Experiment 1 suggests that visual memory representations appear immune to divisive normalization induced by visual stimulation during retention. However, it is possible that our visual memory condition did not elicit normalization because observers could ignore the sequentially presented stimulus. Previous work has shown that only attended memory representations elicit a decodable neural representation, suggesting that different attentional states might have different mechanisms supporting the memory representations (LaRocque, Riggall, Emrich, & Postle, 2016).
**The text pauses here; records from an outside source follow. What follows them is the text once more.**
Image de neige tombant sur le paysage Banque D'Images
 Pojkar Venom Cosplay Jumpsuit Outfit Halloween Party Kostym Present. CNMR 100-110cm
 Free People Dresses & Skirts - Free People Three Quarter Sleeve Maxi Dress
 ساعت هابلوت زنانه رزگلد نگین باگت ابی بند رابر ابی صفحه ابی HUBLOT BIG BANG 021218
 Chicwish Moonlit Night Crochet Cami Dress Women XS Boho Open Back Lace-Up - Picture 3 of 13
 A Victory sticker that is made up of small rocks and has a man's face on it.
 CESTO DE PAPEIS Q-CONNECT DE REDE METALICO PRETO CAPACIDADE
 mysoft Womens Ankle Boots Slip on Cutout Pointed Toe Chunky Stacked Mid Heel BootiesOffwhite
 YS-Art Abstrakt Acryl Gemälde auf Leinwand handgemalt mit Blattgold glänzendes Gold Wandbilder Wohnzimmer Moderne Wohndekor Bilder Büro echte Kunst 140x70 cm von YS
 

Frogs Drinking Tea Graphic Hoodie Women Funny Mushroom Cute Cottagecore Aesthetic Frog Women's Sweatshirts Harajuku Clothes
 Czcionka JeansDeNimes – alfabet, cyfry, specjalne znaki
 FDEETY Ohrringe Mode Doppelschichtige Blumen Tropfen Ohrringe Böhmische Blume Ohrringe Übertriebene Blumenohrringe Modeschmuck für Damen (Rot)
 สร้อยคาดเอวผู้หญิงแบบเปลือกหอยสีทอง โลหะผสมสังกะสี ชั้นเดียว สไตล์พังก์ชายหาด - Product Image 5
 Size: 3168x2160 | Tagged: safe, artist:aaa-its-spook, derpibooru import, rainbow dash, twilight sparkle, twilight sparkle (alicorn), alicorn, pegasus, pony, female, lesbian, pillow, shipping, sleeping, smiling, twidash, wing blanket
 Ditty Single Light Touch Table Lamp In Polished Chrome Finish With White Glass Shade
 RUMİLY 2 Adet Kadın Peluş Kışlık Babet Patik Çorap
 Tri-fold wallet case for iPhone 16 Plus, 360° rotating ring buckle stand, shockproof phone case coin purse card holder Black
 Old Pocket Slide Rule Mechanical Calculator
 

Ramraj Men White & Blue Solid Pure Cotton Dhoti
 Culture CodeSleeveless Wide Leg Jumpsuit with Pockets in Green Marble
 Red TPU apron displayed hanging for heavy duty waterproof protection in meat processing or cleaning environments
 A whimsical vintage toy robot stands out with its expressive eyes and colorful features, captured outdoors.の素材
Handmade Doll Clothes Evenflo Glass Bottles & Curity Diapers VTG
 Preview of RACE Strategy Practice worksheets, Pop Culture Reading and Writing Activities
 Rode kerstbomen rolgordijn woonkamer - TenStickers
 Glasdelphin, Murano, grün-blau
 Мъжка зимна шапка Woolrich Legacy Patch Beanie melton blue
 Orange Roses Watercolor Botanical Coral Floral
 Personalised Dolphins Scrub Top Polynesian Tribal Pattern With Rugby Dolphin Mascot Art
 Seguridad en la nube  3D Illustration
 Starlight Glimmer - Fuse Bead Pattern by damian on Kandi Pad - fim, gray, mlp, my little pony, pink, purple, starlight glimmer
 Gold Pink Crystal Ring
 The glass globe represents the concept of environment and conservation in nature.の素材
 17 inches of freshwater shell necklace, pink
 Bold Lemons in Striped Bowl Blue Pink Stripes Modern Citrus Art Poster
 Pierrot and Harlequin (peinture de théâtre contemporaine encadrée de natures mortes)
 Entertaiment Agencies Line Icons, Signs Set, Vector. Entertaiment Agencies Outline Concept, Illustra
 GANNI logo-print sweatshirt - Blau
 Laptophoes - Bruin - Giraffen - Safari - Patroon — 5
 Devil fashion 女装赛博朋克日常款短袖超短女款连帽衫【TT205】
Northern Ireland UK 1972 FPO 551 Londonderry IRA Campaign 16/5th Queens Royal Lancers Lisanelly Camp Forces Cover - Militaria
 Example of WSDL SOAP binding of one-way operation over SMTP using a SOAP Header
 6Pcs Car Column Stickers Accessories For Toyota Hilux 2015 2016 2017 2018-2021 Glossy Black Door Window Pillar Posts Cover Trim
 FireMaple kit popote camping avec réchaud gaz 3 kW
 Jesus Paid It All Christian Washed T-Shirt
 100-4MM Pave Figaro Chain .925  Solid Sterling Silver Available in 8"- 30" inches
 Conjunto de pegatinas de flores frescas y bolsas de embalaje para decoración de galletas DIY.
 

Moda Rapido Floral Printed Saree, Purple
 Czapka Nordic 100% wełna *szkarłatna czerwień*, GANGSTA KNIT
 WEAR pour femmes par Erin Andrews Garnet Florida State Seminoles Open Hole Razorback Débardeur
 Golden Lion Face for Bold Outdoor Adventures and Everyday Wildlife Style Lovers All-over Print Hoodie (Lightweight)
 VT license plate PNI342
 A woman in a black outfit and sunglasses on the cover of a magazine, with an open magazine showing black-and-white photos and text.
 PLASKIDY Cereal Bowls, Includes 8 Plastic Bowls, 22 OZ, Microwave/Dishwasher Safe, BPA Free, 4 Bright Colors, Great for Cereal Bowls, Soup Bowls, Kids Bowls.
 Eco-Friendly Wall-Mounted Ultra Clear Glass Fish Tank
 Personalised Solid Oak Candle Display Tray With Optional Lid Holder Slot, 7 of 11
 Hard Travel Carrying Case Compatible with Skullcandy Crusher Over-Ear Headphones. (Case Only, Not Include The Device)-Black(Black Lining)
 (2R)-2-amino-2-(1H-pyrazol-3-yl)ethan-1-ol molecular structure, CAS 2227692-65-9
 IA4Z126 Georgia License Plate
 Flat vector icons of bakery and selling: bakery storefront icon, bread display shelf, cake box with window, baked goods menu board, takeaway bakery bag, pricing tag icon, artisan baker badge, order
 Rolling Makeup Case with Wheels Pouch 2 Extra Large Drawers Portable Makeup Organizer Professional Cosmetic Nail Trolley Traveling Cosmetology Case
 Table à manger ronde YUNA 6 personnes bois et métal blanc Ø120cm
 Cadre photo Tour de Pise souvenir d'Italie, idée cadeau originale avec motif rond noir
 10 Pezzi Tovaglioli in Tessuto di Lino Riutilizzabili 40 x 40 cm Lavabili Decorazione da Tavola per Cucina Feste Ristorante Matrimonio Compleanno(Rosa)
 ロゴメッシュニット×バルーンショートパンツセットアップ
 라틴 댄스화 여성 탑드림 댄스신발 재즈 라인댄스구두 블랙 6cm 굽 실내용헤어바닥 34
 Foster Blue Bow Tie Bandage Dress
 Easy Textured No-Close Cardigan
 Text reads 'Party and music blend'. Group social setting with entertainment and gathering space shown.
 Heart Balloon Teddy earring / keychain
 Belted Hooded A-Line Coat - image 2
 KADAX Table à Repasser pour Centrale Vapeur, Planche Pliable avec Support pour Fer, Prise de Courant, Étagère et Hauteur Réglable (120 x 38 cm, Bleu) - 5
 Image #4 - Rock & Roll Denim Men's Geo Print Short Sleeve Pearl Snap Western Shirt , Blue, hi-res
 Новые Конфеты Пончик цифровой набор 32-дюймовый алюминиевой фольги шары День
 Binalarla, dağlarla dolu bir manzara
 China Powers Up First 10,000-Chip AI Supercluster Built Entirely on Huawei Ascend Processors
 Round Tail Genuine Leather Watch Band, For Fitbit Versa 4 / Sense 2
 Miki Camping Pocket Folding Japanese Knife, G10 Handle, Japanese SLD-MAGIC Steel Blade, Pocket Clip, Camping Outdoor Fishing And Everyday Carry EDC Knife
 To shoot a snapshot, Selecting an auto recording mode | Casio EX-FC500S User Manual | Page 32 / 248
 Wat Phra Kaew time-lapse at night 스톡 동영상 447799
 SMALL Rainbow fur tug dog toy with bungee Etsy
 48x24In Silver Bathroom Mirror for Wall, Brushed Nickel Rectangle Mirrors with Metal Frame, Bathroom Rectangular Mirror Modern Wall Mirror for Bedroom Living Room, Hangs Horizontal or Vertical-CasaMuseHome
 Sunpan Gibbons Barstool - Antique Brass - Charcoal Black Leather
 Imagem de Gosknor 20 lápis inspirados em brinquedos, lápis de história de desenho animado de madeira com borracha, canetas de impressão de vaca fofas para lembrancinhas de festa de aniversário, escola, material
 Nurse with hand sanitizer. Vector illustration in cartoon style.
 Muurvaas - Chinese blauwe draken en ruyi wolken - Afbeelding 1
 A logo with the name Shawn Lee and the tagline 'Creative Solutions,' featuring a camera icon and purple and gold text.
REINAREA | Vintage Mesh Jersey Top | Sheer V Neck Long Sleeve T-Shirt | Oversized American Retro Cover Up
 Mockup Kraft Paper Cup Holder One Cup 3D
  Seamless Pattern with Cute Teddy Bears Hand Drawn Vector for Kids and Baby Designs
While Experiment 1 showed that normalization may not occur between visual memory representations and visual inputs, it is possible that normalization operates between two attended visual memories stored within early visual areas. In our second experiment, we set out to test this hypothesis, asking whether multiple memory representations that are stored within early visual areas undergo normalization-driven competition.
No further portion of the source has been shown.